Solitude and unscheduled time are probably the conditions most conducive to writing, and I had both in Sri Lanka to an intoxicating degree. I had no cell phone, checked email rarely, and knew not a soul in the country. I spent my days wandering, looking, listening, sitting, daydreaming, having occasional conversations with people who were open and unguarded because we knew we would not see each other again. Being all alone in a foreign place creates a rare openness and receptivity to the outside world that has always been good for both my mental health and my writing. My life had no context in Sri Lanka; I was reduced to an organism of observation. And what I observed there was such richness in all aspects of life—from food to wildlife to landscape to politics to gender dynamics to religion—that I only had to sit down with a pen and paper and wring myself out like a sponge at the end of each day. These notes later helped me create a sense of place in Wreck and Order.

I have been back to Sri Lanka twice since then, but since I was already writing the novel on my subsequent visits, there was a calculated purposefulness to my observations and experiences that detracted from the joyful, easy self-forgetfulness of my first trip. I’m looking forward to returning now that the book is finished, and I will again have no goal but to feel the sights and sounds and people and daily rhythms that I love so much and which are so foreign to my normal life.

 

Q. The themes of sexuality, self-scrutiny, and meditation are woven throughout Wreck and Order. What is the experience or message that you hope readers will take away from their reading of your novel?
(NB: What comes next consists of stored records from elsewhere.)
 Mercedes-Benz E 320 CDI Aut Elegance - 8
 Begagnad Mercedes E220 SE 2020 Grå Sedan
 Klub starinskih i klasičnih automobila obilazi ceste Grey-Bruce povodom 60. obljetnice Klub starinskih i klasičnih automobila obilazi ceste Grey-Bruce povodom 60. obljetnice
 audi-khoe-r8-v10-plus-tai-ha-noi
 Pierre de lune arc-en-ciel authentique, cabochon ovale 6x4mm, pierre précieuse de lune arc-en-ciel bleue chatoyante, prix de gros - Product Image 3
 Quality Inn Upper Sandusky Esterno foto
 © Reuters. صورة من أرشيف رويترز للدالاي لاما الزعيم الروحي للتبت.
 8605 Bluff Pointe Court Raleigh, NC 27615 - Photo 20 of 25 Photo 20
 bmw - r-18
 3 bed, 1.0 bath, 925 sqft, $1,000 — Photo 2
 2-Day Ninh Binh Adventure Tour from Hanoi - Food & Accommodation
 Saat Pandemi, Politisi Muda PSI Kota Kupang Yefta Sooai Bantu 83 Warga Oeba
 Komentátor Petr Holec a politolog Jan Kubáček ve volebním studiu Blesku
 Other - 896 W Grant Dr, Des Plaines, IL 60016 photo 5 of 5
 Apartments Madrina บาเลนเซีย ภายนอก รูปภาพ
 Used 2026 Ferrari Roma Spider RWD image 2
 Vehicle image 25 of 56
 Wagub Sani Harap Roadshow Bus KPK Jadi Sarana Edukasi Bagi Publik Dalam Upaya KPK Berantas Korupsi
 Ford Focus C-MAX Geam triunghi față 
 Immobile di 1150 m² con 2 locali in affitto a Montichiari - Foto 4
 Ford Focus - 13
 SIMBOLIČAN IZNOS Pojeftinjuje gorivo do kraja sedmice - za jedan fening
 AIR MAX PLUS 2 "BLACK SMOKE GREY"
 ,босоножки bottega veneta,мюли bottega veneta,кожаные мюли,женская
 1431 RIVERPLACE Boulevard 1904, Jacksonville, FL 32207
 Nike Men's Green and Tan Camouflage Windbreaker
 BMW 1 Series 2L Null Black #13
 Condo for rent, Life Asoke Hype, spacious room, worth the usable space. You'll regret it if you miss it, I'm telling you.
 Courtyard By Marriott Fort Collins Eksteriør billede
A. I will be happy enough if readers find one or two sentences they love. But if I had to distill the themes of the book into one specific message, it would probably be to get very curious about the mechanism of suffering. By suffering, I do not mean the feeling of breaking your toe or losing a loved one: that feeling is pain. Suffering is what comes in pain’s wake, the belief that you will not be okay if things do not go a certain way. I hope Wreck and Order encourages readers to question the particular kinds of suffering they’re loyal to, from the small and personal (needing your hair to look a certain way on your wedding day) to the large-scale and political (torture and indefinite detention in the war on terror). Think of how much angst we are willing to undergo and create in an effort to get certain things. And how do we even know we need these things to be safe and happy, to be at ease in the world? Where does that belief come from? Pain is inevitable; suffering is not.